Reprinted from Asia Times
BANGKOK -- The Guy in the Yellow T-shirt -- long shorts, unruly black hair, thick dark glasses -- arrived at the Erawan shrine in a tuk-tuk. No one may have noticed him; just another nondescript backpacker in one of the busiest crossroads in Asia. He may have come to pay his respects to the golden statue of Brahma at the center of the shrine -- and gaze on the Thai dancers and musicians in the background.
He sits on a bench. Then, slowly, he gets rid of a black backpack. He stands up, checks his mobile. Then he walks away. Stops. Actually seems to be calling someone on his mobile. Then he finally leaves Erawan, hitting the crowded intersection, clutching a white plastic bag, but always checking his phone.

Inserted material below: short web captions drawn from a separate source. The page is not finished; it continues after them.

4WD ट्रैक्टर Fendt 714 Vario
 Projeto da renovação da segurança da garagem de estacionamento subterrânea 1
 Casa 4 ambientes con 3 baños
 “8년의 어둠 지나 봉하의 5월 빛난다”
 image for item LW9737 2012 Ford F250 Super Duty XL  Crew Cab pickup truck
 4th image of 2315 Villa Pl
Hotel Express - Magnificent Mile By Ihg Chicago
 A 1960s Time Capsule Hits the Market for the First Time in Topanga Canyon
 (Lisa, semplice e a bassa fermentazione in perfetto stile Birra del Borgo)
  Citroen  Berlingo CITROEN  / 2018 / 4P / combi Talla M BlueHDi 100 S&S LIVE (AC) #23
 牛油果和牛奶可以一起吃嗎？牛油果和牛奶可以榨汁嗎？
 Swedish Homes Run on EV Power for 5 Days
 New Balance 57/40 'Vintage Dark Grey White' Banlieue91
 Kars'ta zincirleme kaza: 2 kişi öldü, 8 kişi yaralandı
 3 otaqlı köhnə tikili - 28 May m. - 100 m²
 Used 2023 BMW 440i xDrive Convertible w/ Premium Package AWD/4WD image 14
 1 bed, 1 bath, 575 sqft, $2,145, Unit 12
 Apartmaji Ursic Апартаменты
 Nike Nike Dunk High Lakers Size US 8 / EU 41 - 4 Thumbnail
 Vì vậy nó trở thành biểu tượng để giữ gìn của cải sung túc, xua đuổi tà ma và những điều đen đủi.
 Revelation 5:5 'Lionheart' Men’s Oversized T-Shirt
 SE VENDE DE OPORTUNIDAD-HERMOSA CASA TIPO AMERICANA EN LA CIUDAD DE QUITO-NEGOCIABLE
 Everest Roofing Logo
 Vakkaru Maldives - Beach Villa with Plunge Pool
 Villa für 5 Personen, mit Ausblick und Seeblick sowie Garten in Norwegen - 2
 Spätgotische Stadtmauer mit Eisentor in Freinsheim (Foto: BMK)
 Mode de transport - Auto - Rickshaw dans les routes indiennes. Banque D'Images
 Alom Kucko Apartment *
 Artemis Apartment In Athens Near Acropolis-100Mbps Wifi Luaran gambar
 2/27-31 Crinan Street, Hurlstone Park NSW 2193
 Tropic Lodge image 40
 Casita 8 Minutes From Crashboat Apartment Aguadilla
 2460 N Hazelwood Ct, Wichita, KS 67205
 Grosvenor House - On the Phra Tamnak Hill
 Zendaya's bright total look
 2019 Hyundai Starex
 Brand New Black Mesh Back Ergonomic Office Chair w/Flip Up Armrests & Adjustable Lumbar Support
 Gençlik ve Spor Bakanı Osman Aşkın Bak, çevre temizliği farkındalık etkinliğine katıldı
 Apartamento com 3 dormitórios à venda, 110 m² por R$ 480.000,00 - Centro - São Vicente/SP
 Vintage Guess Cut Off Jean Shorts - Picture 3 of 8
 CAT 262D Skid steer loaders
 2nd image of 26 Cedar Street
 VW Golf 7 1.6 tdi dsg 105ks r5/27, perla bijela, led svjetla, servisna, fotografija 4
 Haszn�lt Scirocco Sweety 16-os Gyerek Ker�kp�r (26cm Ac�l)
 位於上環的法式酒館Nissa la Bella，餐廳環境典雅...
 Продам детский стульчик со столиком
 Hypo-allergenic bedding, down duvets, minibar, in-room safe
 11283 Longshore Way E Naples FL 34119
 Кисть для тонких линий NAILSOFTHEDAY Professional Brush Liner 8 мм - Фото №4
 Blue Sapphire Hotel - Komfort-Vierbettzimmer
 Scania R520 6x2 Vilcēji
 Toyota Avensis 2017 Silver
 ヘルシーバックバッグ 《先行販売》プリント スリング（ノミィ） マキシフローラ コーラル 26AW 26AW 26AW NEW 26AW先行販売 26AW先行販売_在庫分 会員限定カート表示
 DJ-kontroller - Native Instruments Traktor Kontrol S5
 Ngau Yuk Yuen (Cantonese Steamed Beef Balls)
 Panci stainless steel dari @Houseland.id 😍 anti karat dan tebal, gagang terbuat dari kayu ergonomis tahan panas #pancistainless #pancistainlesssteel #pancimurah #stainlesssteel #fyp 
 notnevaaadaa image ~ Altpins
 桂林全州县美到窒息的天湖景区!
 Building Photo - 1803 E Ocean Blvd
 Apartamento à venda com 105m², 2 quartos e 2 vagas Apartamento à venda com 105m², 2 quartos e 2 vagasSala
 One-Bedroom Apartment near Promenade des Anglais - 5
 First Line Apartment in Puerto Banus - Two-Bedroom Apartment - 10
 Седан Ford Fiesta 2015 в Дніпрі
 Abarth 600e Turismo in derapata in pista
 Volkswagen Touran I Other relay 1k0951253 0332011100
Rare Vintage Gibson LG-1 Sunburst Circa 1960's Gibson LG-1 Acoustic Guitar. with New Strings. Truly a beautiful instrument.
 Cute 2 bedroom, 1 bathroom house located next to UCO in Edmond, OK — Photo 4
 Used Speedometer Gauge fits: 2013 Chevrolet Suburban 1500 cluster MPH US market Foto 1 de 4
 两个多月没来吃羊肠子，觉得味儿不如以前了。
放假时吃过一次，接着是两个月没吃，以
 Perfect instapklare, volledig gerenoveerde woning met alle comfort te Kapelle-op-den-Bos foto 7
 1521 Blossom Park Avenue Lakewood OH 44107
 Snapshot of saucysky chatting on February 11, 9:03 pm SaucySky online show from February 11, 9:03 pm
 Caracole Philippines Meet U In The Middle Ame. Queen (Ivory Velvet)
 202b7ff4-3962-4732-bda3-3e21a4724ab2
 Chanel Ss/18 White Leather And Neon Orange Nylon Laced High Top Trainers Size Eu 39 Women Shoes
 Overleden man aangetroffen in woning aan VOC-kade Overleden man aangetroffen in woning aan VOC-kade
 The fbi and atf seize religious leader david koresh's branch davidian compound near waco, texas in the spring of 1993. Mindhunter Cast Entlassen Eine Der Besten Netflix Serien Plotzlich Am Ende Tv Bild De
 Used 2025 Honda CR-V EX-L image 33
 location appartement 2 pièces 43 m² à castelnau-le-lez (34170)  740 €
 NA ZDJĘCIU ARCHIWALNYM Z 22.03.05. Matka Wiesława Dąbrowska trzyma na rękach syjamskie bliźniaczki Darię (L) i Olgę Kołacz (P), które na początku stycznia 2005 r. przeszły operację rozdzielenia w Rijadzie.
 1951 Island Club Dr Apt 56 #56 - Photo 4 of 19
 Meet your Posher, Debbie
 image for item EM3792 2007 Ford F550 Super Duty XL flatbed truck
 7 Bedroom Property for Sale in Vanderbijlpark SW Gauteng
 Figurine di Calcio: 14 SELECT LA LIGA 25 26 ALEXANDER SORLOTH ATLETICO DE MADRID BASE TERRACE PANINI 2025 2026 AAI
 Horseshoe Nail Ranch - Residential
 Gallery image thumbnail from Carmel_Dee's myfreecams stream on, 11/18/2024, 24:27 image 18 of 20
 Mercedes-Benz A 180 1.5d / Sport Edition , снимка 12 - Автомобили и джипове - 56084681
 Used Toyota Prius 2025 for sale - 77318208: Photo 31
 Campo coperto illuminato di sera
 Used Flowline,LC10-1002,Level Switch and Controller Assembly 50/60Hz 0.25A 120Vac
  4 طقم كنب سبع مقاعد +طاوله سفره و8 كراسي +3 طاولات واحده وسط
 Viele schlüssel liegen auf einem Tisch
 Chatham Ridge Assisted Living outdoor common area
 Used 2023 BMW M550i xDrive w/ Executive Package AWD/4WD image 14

He may -- or may not -- have known all his movements were being tracked by multiple CCTV cameras. A few minutes after he disappears from their sights, and allegedly takes a motorbike taxi, he enters, with a lethal bang, the wilderness of mirrors that is contemporary Thailand.
Who is he? Thai police is convinced he is none other than the Bangkok Bomber. And there seem to be no other prime CCTV-captured candidates.
The first leak described him as an "Arab-like man." That's quite vague -- as there is a huge, bustling mini-Middle East only two Skytrain stations away from the Erawan shrine. But that was enough to ring all al Qaeda/ISIS bells across the planet.
Then a quote was wrongly attributed to General Prime Minister Prayuth Chan-ocha, the head of the -- quaintly Orwellian -- National Council for Peace and Order which rules over Thailand after a coup in May 2014. Prayuth was actually referring to someone else when he stated that the suspect was believed to be a northeast-based Red Shirt member -- as in a faithful follower of self-exiled, corruption-tainted, billionaire tycoon/former prime minister Thaksin Shinawatra.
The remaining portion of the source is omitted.